On the other hand, several Cuban-American anti-Castro groups, as well as dissident bodies within Cuba, together with human rights organizations in the United States, European Union, the Organization of American States, and non-governmental organizations (such as Human Rights Watch) claim that Cuba’s elections lack legitimacy because non-official factions are either ignored or barred from participating in the electoral process.

Although dissident groups are not legally recognized by Cuban authorities, their justification for not formally recognizing such groups is based on the argument that some of these small opposition parties are allies of the U.S., Cuba’s most lethal enemy which poses a mortal threat to the existing regime. As the United States often has succeeded in obtaining a high degree of penetration into different types of dissenting groups, some specialists believe that the Cuban government can contrive a case for justifying the unwillingness to extend political freedoms to certain cohorts because to do so might pose a national security threat to the island nation. This is because instances of the manipulation of dissent in the island by U.S. agents is beyond dispute.

Posada Carriles
In October 1976, two bombs exploded on a Cubana Aviación flight killing all of the 73 passengers on board. Freddy Lugo and Hernán Ricardo Lozano, who worked for Luis Posada Carriles’ private detective agency in Venezuela, admitted that they carried out the bombings in the name of democracy and under the instruction of the Cuban exile terrorist. According to the National Security Archive Electronic Briefing Book No. 153, relating to International Terrorism: Connection to U.S., “the CIA had concrete advance intelligence, as early as June 1976, on plans by Cuban exile terrorist groups to bomb a Cubana airliner” and “another document shows that the FBI’s attaché in Caracas had multiple contacts with one of the Venezuelans who placed the bomb on the plane. He was provided a visa to the U.S. five days before the bombing, despite suspicions that he was engaged in terrorist activities at the direction of Luis Posada Carriles.” The latter is classified by both Cuba and Venezuela as a “terrorist,” allegedly funded by the United States, who, in 1997, carried out a series of terrorist bombings in the tourist district of Havana in order to obstruct the growth of the tourist sector.

Venezuela and Cuba charged that the U.S. was funding the terrorist Luis Posada Carriles and now U.S. government archives substantiate their allegations. Along with these attacks on Cuba, the Bay of Pigs, and other subversive involvements such as multiple attempts to assassinate Fidel Castro, these forays often have caused well-merited paranoia in the upper stratum of the Communist nation, let alone with ordinary Cuban citizens. Havana has been compelled by external events to treat with suspicion all segments of society who are not enthusiastically associated with the Cuban revolution. While the regime has displayed a determination to do everything possible to uphold their revolutionary policies—espousing universal health care, free education, eradication of illiteracy and racism—the Cuban government also tracks domestic and foreign dissenters abroad deemed to be mercenary groups at the service of the United States. However, as assassination and domestically subversive attempts have decreased, Havana is allowing a broader representation of religious and civic organizations to reestablish their presence in the country.

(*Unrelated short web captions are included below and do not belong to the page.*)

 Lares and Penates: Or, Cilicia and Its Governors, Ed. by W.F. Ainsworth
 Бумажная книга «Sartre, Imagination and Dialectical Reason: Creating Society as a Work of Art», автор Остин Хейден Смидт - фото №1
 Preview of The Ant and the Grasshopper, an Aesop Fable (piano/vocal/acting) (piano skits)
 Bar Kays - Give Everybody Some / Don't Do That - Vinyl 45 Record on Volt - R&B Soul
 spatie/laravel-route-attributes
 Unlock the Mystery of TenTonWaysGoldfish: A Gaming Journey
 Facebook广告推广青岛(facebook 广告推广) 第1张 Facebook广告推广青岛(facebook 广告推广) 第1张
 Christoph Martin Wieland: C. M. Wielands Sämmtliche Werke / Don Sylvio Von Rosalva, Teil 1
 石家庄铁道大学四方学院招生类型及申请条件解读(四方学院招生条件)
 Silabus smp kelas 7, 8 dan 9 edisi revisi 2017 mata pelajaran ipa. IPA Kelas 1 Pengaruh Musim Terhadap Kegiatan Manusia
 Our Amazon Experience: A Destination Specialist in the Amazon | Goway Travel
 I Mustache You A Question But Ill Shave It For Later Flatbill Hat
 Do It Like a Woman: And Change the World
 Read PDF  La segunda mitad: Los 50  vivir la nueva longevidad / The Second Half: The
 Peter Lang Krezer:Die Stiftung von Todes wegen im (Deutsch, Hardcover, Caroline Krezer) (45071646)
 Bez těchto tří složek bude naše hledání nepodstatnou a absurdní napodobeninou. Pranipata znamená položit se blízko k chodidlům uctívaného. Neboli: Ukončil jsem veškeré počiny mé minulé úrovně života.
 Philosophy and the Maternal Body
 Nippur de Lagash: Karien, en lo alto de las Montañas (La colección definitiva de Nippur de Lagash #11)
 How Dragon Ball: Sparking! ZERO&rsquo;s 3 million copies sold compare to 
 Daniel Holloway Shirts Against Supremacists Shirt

The all-pervasive bellicose attitude by the U.S. towards the Cuban régime unquestionably has been a factor in discriminating against dissident figures on the island, some of whom may actually be ordinary Cubans who are trying to promote legitimate change on the island, in their own person, without U.S. direction or complexity. The Christian Liberation Movement, Ladies in White, Lawton Foundation, and the Assembly to Promote Civil Society are dissident groups in Cuba said to promote democratic freedoms, economic and social change on the island. They also bear witness to the imprisonment of political dissidents who have been unjustly detained by the Cuban government. Up to now, the government has not often been able to make a strong case that these dissident figures were subversive. For example, in 1988, Oswaldo Payá and his supporters formed the Christian Liberation Movement, a secular group of Catholics, to strive toward implementing “real” democratic change on the island. In 1997, members of the Christian Liberation Movement collected hundreds of signatures in support of Payá’s candidacy to the National Assembly. It was the first time that ordinary citizens without vital communist connections had presented themselves as candidates, albeit with limited popular support and without the government’s backing. However, to the surprise of only a few, the electoral commission did not accept their candidacies. In 1998, the group initiated the Varela Project—based on a referendum that if its strategy would be approved by the government, would allow for an open ballot on pressing political goals. These could have been used to implement the right to guarantee freedom of association, freedom of expression, freedom of press, free elections, and the right to operate private businesses, as well to see the granting of amnesty for all political prisoners. Dissidents backing the project presented a collection of more than 10,000 signatures of Cuban citizens to the authorities. The unofficial national referendum was ultimately ignored by the National Assembly during its 2004 legislative sessions.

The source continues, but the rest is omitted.